Abends und nachts war es im Kantonsspital Aarau oft unruhig: Helikopter, Krankenwagen und aufgeregte Stimmen aus der Notfallabteilung. Ich machte mir viele Gedanken darüber, welche Schicksale und Tragödien sich in diesem Haus wohl täglich abspielen und bin froh, geht es Yannick trotz CF sehr gut. Seit Dezember 2020 nimmt Yannick «Orkambi». Sein Gesundheitszustand hat sich merklich stabilisiert und er legt endlich etwas an Gewicht und Grösse zu. Wir erhoffen uns von diesen Medikamenten der neuen Generation eine Verlängerung der Lebenserwartung und natürlich eine verbesserte Lebensqualität für unseren kleinen Kämpfer wie für alle CF-Betroffenen. Ein starkes (Familien-)Team Wir sind eine starke Familie und ein eingespieltes Team. Alle helfen und sind für einander da. Unverzichtbar für unser Team sind auch «Omi» und «Opi», die sich genauso mit CF auskennen wie wir. Auf sie können wir jederzeit für den «Hütedienst» zählen, auch über Nacht. Dabei müssen wir uns keine Sorgen machen, weil auch sie mit Yannick inhalieren und genau wissen, welche Medikamente wann zu geben sind.
Bis heute ist auch der Austausch mit anderen «CF-Eltern» für mich unverzichtbar und wertvoll. Unser Aargauer Regionalgruppenleiter von Cystische Fibrose Schweiz (CFS) führt beispielsweise einen WhatsApp-Chat mit Tipps, Tricks und Fragen rund um CF. Ausserdem treffe ich mich regelmässig mit den regionalen «CF-Mamis», die ich über CFS kennengelernt habe, zum gemütlichen Nachtessen. Das Gespräch mit Gleichgesinnten tut gut und hilft im Umgang mit unseren besonderen Kindern.

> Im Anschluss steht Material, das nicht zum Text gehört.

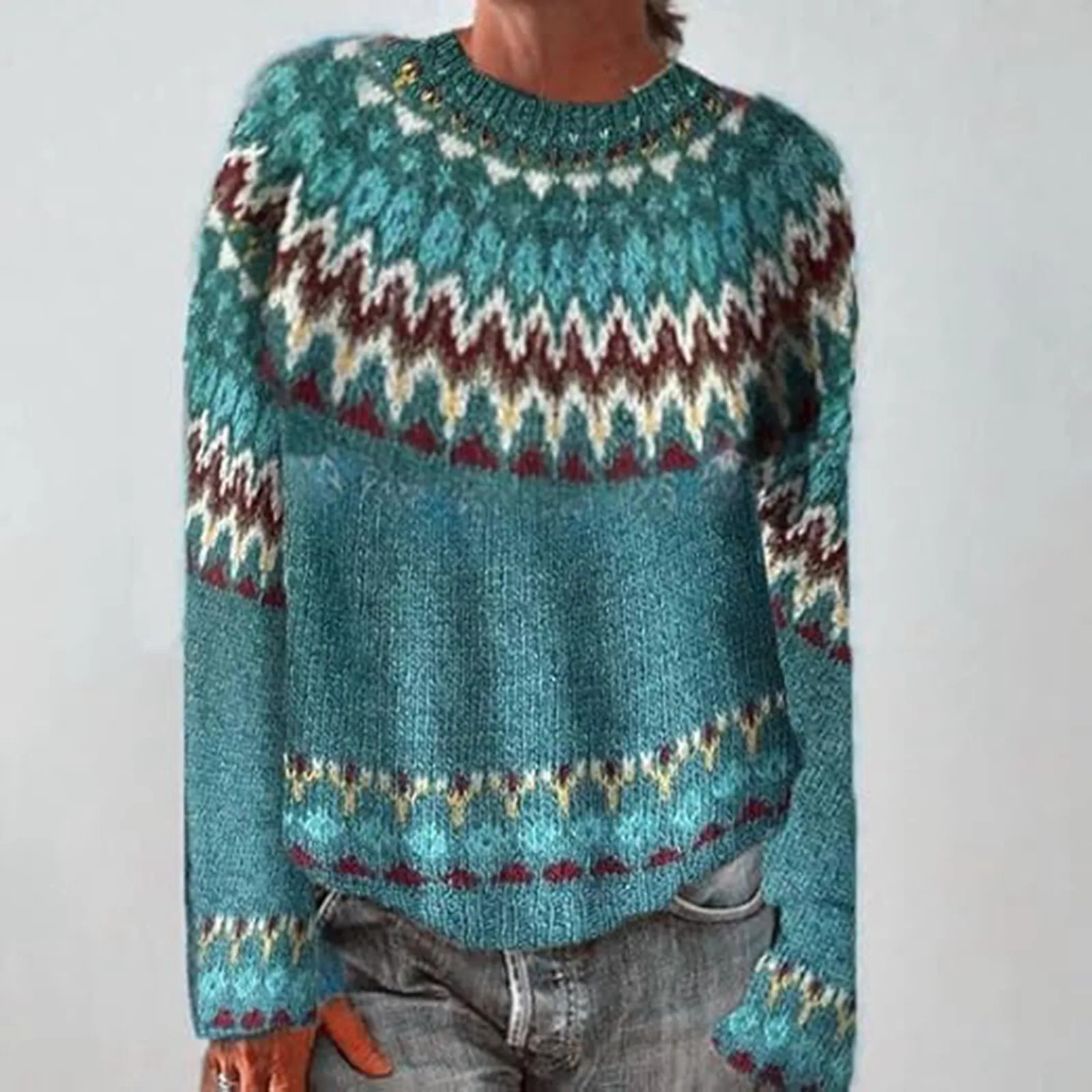 Womens printed pullover sweater for winter and autumn casual loose round neck long sleeved knitted jumper color blocked Christmas top 241025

Yannick ist unser Superheld und meistert sein Schicksal mit Gelassenheit und einer gehörigen Portion «Coolness». Er sagt von sich, dass er eine «kranke Lunge» hat, nicht mehr oder weniger. Für ihn etwas ganz Normales, was ihn im Alltag nur wenig und wenn, dann nur temporär behindert. Durch unseren besonderen Sohn und Bruder haben wir als Familie gelernt, das Leben und die Gesundheit zu schätzen. Ich mache mir keine Sorgen mehr über Dinge, die vielleicht irgendwann kommen, sondern lebe im Moment.